Saturday, December 29, 2012

A Trip to St. Louis



Over Christmas we visited with family in the St. Louis area.  This meant lots of eating and a chance to show my wife my old stomping grounds.  I am pleased to report that some things that should never change haven’t and some things that perhaps needed to change have.  My next few entries will be about the eating portions of our trip, minus a few events reserved for the book. 

First up…Rigazzi's on the Hill

I am no fan of Italian-American restaurants.  Over-sweetened, thick tomato sauce, garlic bread, cheap wine, cheaper beer, wilted salads, rubbery bread, over-sauced pastas – you know the stereotype and there are plenty of places that fulfill it.  On the other hand, some of these places really aren’t too bad.  Rigazzi’s is one. 

Open since 1957 in the Hill neighborhood of St. Louis, Rigazzi’s looks like a movie set, replete with red and white checkered tablecloths, hanging stained glass and globe chandeliers over each table, and every square inch of wall space covered in newspaper articles, sports memorabilia and celebrity pictures.  I even sat next to a giant, fiberglass Al Capone.  
We ate lunch here one day before Christmas and found it extremely quiet, though I know it is bustling in the evening.  Service was lightning fast, so fast in fact that I am sure much was prepared and waiting for us.  The first dish was a St. Louis standard – toasted ravioli.  Rigazzi’s version of this local classic is one of the better.  The breading was minimal and most of the flavor came from the actual ravioli.  They were relatively small and completely full with a meat mixture.  The marinara sauce it was served with was pretty good, not too sweet and with a little meat.  This was accompanied by a salad that was predominately white with iceberg lettuce.  Nuff said.

Our entrees were simple - spaghetti and meatballs and a deep fried piece of catfish with a side of another St. Louis standard – mostaccioli.  The catfish was the size of a plate, battered with cornmeal and was quite good.  The spaghetti and meatballs were completely over-sauced (see stereotype) but delicious.  The meatballs were smooth, soft and fine with the mildest of herbs and spices.  The great quantity of sauce was mild, containing small pieces of meat, and not at all overly sweet.  In fact, I was pleasantly surprised by the sauce.  I just wish there weren’t so much of it.  Though it did give me an excuse to consume most of the rather weak baguette we were served.  Now the mostaccioli… to most of the world mostaccioli is a pasta shape  – tubular, smooth and about 2 inches long.  In St.

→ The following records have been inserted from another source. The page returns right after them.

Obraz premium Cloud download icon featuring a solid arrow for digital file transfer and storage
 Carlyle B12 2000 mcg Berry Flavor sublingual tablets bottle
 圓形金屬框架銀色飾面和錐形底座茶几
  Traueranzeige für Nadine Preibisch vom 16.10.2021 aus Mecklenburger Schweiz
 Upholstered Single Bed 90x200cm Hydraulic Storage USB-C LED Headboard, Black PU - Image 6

Louis it is a specific dish – mostaccioli sauced by a heavy, tomato paste-dominated sauce and baked.  It is the butt of jokes by non-St. Louisans and more than one person has commented that you know you are from St. Louis if your wedding featured the dish (along with toasted ravioli).  Rigazzi’s version was a pleasant surprise.  The sauce appeared to be the same meat sauce as the spaghetti and meatballs and the toasted ravioli’s dipping sauce.  It was not a goopy, sweat mess, but a respectable sauce resembling a simple bolognese.  Nor was Rigazzi’s version baked.  Most interesting, it didn’t even feature mostaccioli, but instead used penne rigate, mostaccioli’s ridged cousin.  This shape held the sauce much better than the traditional version would.              

For dessert we shared a Black and White – vanilla and chocolate hazelnut gelatos.  The serving was just right to share.  While the vanilla was lacking, the baccio, chocolate hazelnut was flavorful, but light as chocolates go.   

Rigazzi’s proved a casual, quiet lunch spot with dependable if not spectacular food.  And their versions of St. Louis standards are actually better than most I have had.  Service was kind, helpful but rushed, but prices were excellent, as lunch barely topped $30.  If you are new to St. Louis or just visiting, Rigazzi’s will be a good introduction to a few required local favorites.